- [Materials provided]:

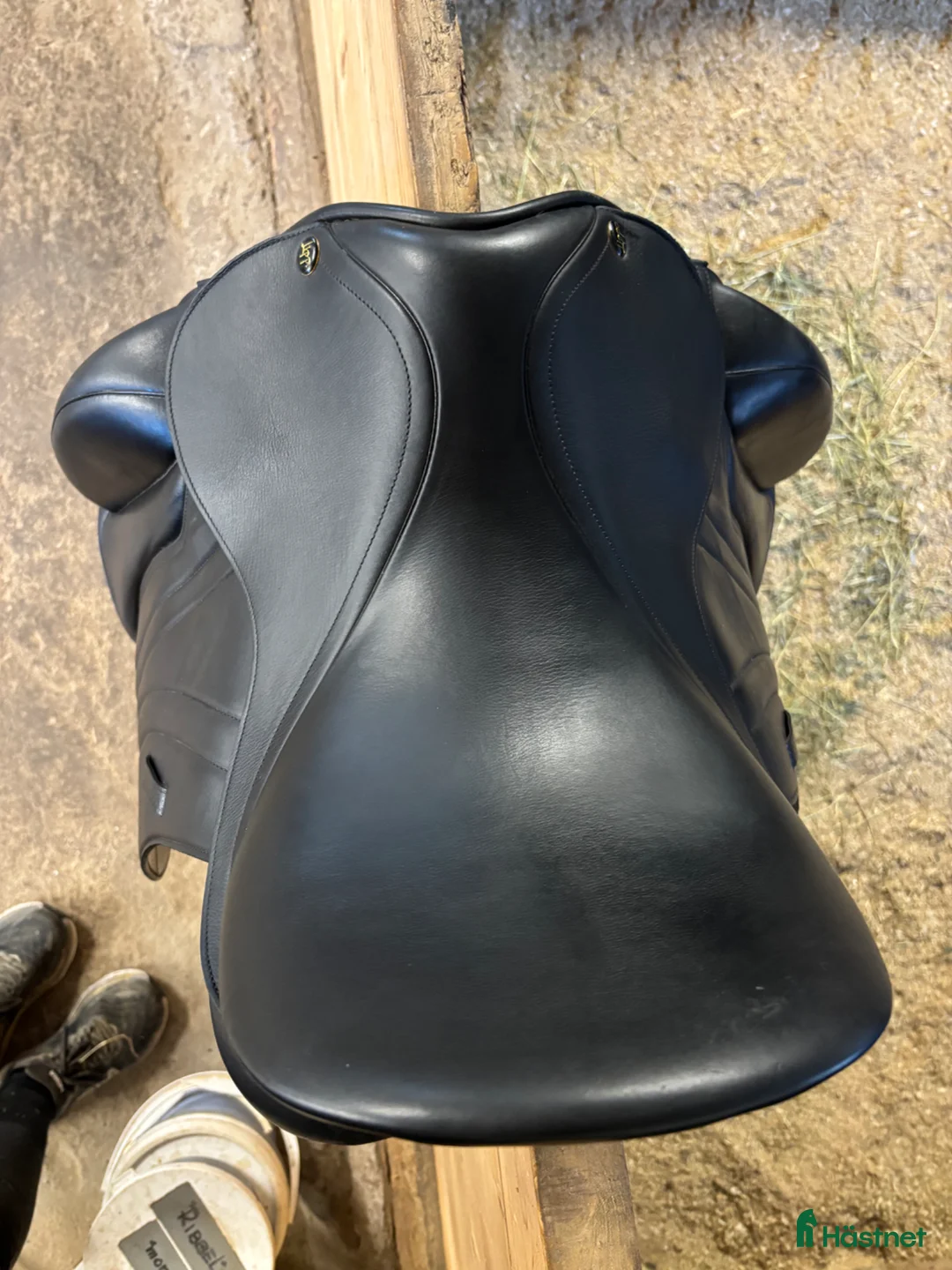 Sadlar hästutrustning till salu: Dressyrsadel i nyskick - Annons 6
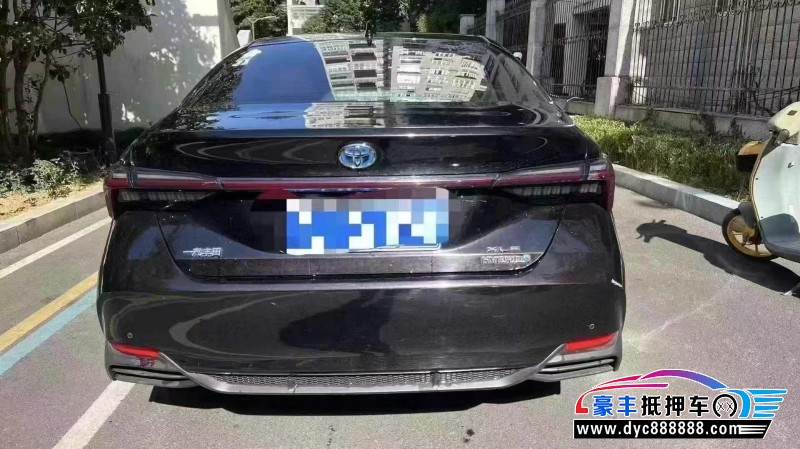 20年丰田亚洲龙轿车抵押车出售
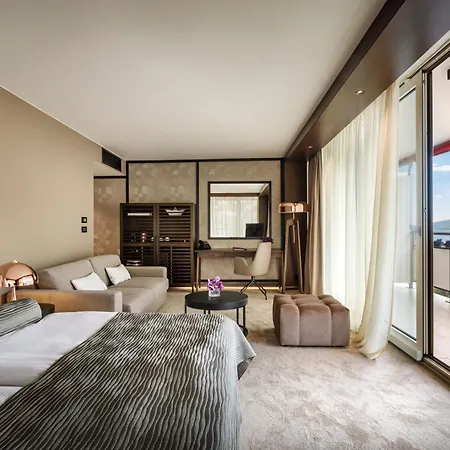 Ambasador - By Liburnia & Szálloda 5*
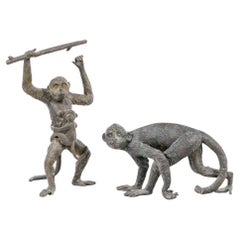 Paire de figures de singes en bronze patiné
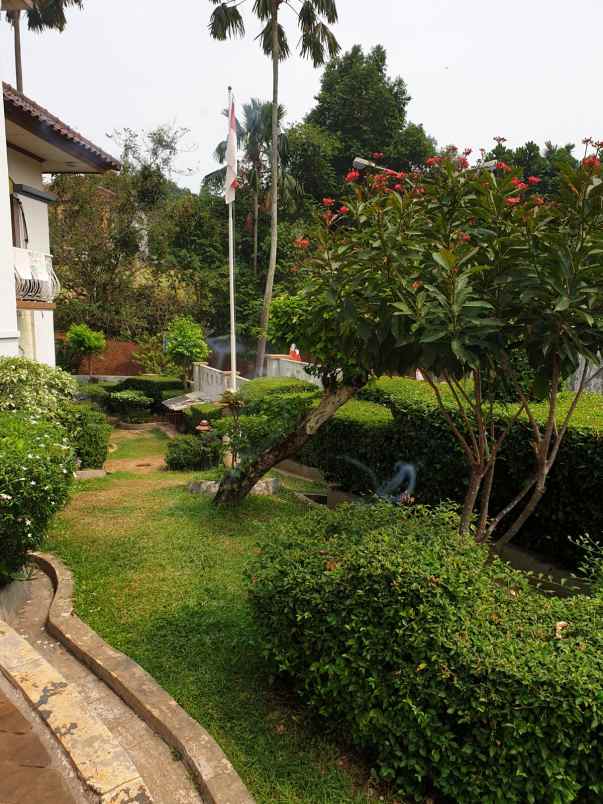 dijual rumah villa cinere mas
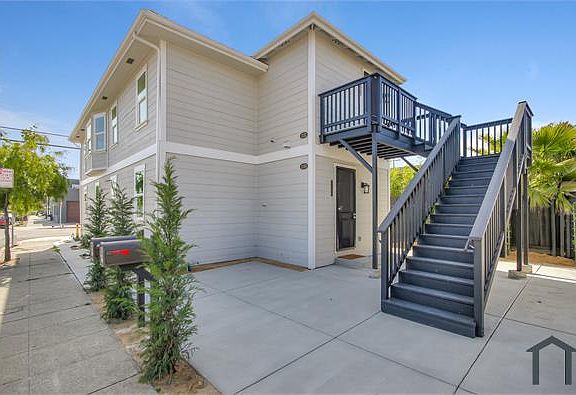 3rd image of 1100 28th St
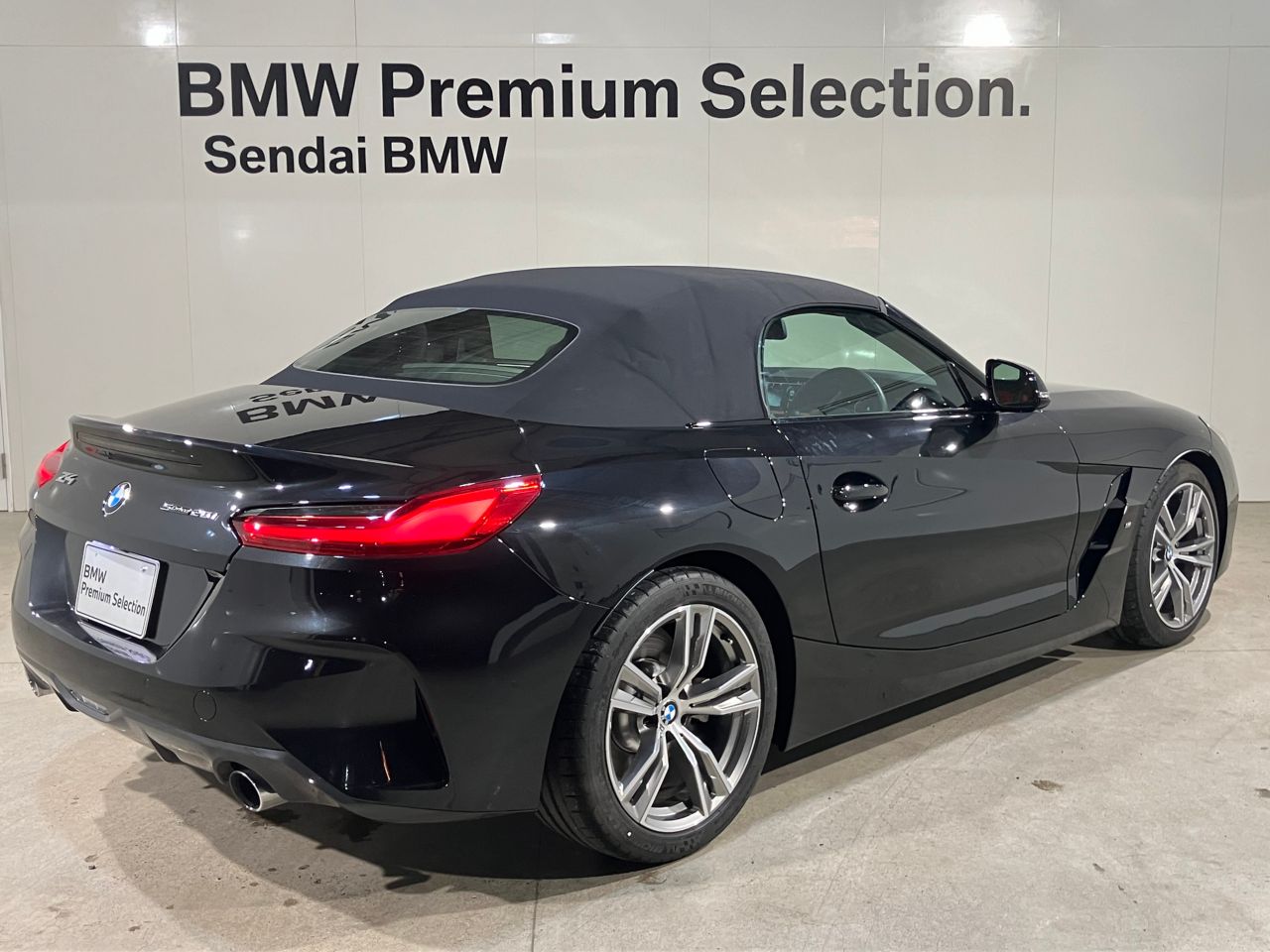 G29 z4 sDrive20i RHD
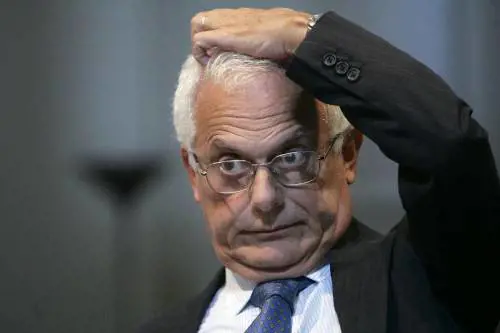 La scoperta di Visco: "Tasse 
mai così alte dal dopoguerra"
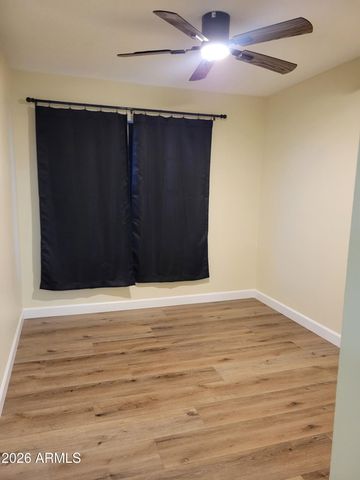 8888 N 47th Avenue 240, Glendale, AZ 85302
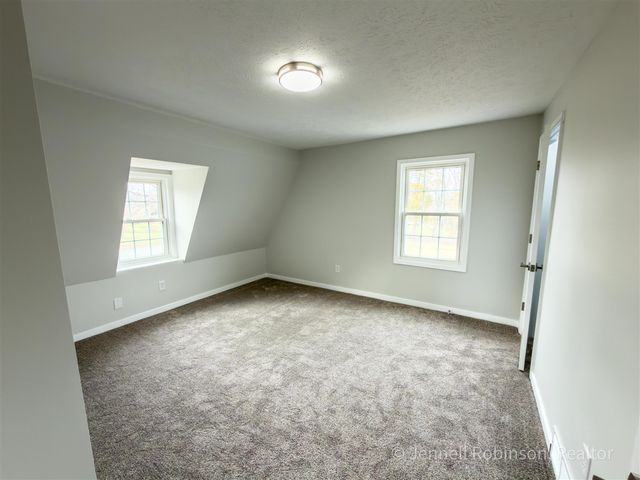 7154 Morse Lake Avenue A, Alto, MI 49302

---

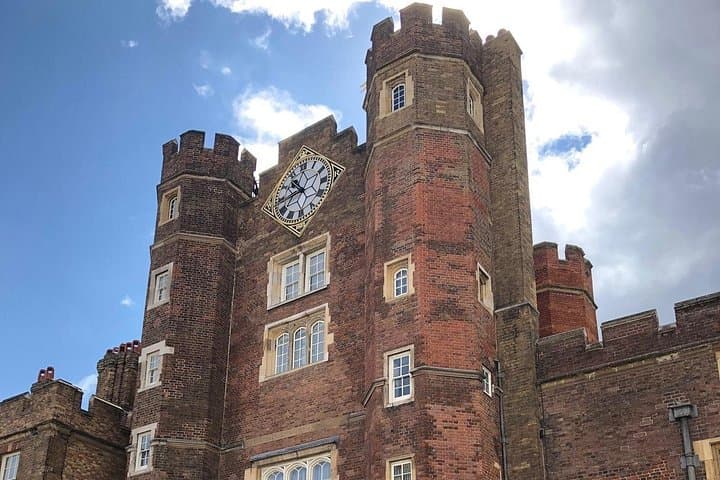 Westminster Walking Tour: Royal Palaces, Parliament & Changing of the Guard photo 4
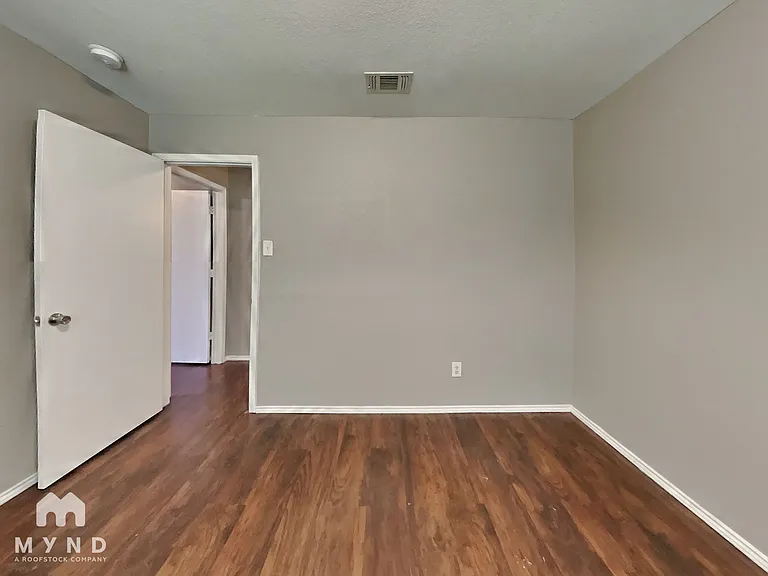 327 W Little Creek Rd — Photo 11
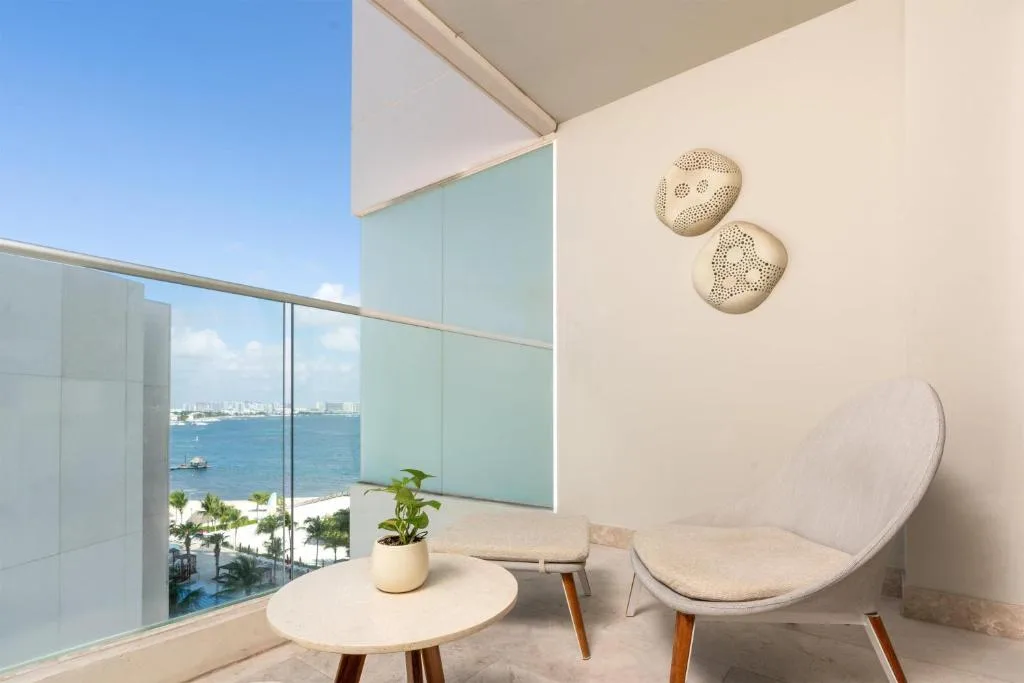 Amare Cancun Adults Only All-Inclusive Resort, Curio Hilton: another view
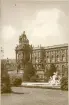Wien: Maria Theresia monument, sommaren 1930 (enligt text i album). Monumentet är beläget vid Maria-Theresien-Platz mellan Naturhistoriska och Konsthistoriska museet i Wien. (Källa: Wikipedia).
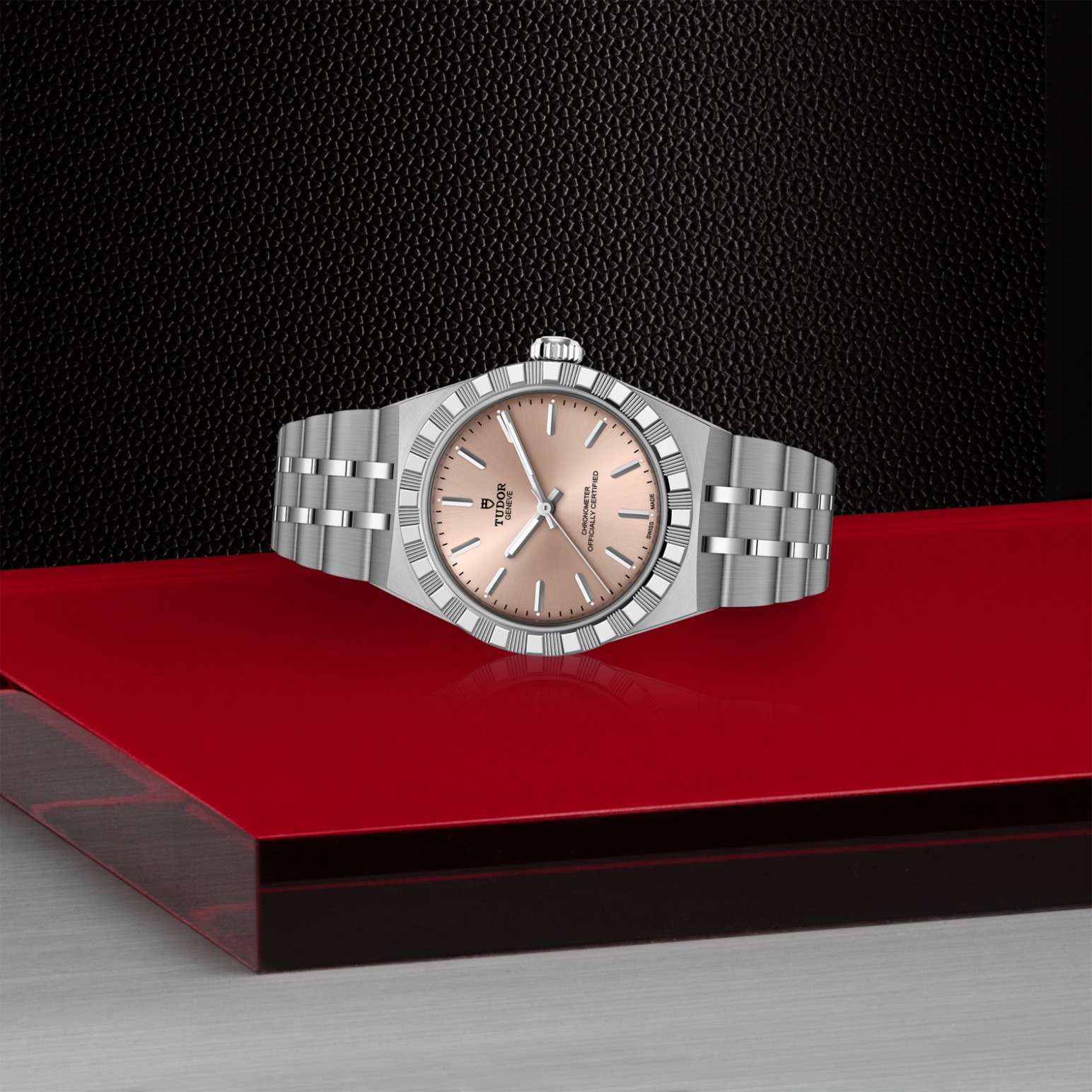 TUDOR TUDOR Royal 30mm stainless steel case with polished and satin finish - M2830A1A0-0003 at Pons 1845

--

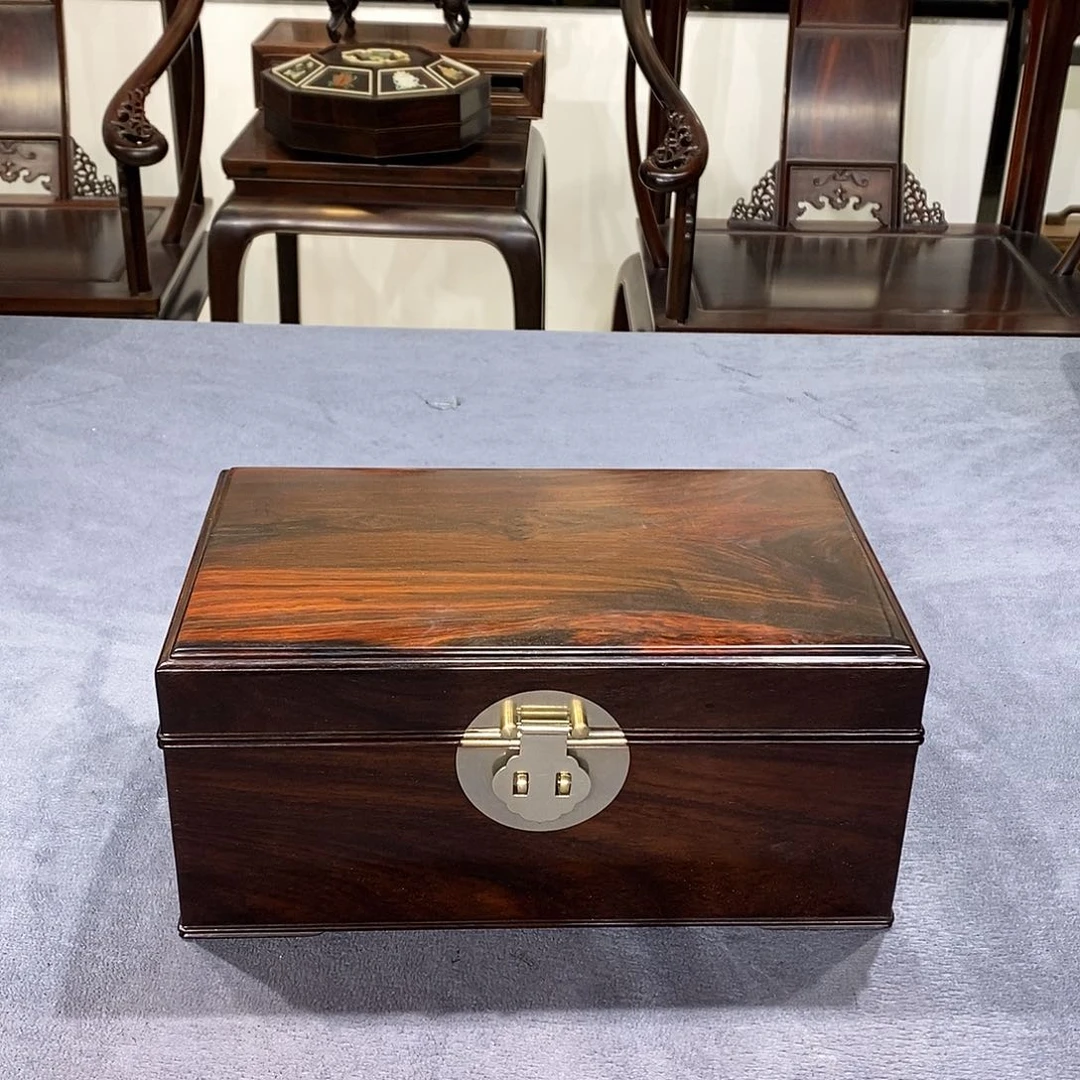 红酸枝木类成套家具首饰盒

- [Your goal]:
Write out the lines above from the one with "Ambasador - By Liburnia & Szálloda 5*" through the one with "7154 Morse Lake Avenue A, Alto, MI 49302", ends included, exactly; no picture goes in.

- [Your solution]:
 Ambasador - By Liburnia & Szálloda 5*
 Paire de figures de singes en bronze patiné
 dijual rumah villa cinere mas
 3rd image of 1100 28th St
 G29 z4 sDrive20i RHD
 La scoperta di Visco: "Tasse 
mai così alte dal dopoguerra"
 8888 N 47th Avenue 240, Glendale, AZ 85302
 7154 Morse Lake Avenue A, Alto, MI 49302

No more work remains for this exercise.